The opinion of the court was delivered by: Raye , P. J.
California Rules of Court, rule 8.1115(a), prohibits courts and parties from citing or relying on opinions not certified for publication or ordered published, except as specified by rule 8.1115(b). This opinion has not been certified for publication or ordered published for purposes of rule 8.1115.
Defendant Angel Ileen Stone entered a negotiated guilty plea to failing to appear on her own recognizance and was sentenced to serve two years in the county jail. The trial court also ordered defendant to pay a "criminal fine of $1,328."
On appeal, defendant contends, and the Attorney General concedes, the matter must be remanded to the trial court to enable it to specify the correct statutory basis for the court's imposition of the $1,328 fine. We accept the Attorney General's concession.
An abstract of judgment must fully and accurately capture all components of a defendant's sentence. (See People v. Mitchell (2001) 26 Cal.4th 181, 185; People v. Zackery (2007) 147 Cal.App.4th 380, 385-389.) In People v. High (2004) 119 Cal.App.4th 1192, this court stated: "Although we recognize that a detailed recitation of all the fees, fines and penalties on the record may be tedious, California law does not authorize shortcuts. All fines and fees must be set forth in the abstract of judgment. [Citations.] The abstract of judgment form used here, Judicial Council form CR-290 (rev. Jan. 1, 2003)[*fn1 ] provides a number of lines for 'other' financial obligations in addition to those delineated with statutory references on the preprinted form.

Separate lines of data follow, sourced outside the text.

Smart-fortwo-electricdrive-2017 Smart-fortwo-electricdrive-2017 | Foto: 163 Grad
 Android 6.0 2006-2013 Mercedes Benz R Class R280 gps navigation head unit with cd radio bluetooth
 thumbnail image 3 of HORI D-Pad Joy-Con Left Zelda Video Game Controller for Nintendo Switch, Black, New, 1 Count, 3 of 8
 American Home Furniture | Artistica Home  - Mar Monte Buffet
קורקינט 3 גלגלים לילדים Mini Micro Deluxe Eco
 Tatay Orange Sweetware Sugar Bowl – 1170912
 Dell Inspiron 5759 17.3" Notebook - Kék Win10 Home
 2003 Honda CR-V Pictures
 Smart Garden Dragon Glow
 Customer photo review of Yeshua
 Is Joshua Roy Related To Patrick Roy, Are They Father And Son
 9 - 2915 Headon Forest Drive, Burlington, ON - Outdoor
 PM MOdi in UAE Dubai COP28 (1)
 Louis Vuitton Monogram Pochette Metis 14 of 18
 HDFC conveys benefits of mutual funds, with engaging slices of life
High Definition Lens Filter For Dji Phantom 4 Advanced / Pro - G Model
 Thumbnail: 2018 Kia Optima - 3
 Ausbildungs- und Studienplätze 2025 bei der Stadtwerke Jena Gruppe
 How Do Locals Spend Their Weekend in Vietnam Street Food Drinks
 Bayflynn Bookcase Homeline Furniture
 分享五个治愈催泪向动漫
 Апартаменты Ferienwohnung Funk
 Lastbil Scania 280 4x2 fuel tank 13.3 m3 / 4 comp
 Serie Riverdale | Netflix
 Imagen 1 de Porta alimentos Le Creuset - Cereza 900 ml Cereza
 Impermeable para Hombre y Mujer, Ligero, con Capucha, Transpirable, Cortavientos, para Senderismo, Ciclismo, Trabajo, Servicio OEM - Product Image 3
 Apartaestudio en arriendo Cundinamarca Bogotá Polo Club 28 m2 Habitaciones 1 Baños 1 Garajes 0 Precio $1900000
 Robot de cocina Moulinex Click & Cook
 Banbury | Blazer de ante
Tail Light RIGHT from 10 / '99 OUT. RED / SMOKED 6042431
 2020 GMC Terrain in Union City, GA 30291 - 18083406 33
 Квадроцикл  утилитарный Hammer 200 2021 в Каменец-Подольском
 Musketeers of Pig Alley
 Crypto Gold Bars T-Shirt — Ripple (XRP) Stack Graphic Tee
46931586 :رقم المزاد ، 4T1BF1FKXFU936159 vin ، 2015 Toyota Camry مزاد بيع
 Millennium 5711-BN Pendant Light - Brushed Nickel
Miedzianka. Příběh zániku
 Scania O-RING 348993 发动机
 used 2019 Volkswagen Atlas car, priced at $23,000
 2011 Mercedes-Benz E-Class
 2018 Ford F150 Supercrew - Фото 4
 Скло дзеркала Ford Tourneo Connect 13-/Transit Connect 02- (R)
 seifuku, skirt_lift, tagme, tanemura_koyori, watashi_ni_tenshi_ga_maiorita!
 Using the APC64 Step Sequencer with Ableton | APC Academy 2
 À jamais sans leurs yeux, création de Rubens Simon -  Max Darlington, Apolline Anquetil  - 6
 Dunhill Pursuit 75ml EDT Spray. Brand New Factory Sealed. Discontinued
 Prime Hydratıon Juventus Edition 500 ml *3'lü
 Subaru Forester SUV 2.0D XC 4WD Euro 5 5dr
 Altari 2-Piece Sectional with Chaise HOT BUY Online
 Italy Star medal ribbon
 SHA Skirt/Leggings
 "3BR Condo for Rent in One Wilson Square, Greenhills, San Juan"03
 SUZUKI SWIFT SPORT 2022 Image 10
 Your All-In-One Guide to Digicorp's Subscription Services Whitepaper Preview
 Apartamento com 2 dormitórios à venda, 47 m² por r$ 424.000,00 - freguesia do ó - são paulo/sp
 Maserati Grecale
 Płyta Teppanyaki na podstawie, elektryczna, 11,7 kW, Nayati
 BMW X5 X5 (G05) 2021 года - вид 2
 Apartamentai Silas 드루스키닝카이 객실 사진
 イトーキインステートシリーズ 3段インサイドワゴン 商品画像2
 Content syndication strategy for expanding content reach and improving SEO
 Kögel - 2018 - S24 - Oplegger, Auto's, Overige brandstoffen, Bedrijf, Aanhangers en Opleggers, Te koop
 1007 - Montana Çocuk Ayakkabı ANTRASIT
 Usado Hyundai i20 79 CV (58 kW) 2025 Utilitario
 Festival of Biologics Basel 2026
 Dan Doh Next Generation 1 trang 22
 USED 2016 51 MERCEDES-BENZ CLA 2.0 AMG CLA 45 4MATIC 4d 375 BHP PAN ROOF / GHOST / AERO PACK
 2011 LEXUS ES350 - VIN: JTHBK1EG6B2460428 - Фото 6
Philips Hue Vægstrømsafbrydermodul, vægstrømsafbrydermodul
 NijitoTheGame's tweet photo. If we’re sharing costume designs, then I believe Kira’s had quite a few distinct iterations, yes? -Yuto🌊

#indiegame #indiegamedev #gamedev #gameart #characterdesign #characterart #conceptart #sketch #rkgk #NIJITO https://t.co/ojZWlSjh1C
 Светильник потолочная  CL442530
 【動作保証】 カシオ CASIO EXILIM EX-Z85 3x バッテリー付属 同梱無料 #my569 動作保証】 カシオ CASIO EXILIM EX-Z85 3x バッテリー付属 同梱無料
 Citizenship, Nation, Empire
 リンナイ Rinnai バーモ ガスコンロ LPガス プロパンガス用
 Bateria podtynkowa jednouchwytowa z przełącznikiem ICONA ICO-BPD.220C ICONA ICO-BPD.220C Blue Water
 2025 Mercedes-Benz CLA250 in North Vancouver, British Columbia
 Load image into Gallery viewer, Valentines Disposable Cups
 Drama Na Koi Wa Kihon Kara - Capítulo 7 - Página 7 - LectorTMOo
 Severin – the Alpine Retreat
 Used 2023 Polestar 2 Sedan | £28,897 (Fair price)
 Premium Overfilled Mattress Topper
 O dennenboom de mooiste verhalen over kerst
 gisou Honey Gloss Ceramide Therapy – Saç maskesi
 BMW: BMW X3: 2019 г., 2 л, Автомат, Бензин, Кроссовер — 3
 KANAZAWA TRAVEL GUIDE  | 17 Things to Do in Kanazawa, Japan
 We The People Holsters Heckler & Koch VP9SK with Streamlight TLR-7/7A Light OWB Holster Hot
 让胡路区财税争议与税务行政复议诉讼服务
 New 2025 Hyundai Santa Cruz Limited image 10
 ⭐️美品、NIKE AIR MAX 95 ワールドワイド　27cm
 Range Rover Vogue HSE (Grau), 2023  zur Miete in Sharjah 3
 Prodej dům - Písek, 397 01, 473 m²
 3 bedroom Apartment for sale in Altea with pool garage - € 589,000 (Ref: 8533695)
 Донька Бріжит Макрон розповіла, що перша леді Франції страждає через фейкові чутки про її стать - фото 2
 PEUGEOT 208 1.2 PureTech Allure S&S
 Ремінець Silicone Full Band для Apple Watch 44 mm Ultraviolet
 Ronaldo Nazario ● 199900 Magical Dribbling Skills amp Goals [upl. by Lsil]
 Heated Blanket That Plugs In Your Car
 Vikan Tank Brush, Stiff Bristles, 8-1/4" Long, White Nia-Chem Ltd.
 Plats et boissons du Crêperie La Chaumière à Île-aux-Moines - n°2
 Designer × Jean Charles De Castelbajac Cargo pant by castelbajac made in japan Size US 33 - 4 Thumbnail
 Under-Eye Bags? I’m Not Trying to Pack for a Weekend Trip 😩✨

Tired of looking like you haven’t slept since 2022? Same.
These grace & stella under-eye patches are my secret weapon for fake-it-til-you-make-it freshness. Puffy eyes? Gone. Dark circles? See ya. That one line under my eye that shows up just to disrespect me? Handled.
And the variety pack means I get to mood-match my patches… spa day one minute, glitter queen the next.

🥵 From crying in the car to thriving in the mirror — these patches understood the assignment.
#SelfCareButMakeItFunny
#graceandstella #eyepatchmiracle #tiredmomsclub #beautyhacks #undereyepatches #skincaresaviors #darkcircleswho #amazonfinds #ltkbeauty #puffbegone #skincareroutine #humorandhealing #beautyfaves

If the abstract does not specify the amount of each fine, the Department of Corrections cannot fulfill its statutory duty to collect and forward deductions from prisoner wages to the appropriate agency. [Citation.] At a minimum, the inclusion of all fines and fees in the abstract may assist state and local agencies in their collection efforts. [Citation.] Thus, even where the Department of Corrections has no statutory obligation to collect a particular fee, such as the laboratory fee imposed under Health and Safety Code section 11372.5, the fee must be included in the abstract of judgment. [Citation.]" (Id. at p. 1200; see also People v. Eddards (2008) 162 Cal.App.4th 712, 717.)
Here, neither the abstract of judgment nor the minute order of sentencing recites the statutory basis for the various components of the $1,328 fine, and the trial court did not enumerate them during its oral pronouncement of judgment.
On remand, the trial court shall prepare an amended abstract of judgment specifying the correct statutory basis of all fees, fines, and penalties imposed upon defendant.
Defendant's conviction is affirmed. The case is remanded to the trial court, and the trial court is directed to prepare an amended abstract of judgment specifying the correct statutory basis for all fines, fees, and penalties imposed upon defendant. The trial court is directed to forward a certified copy of the amended abstract of judgment to the Department of Corrections and Rehabilitation, to be forwarded, as necessary, to the relevant authorities.
We concur: BLEASE , J. ...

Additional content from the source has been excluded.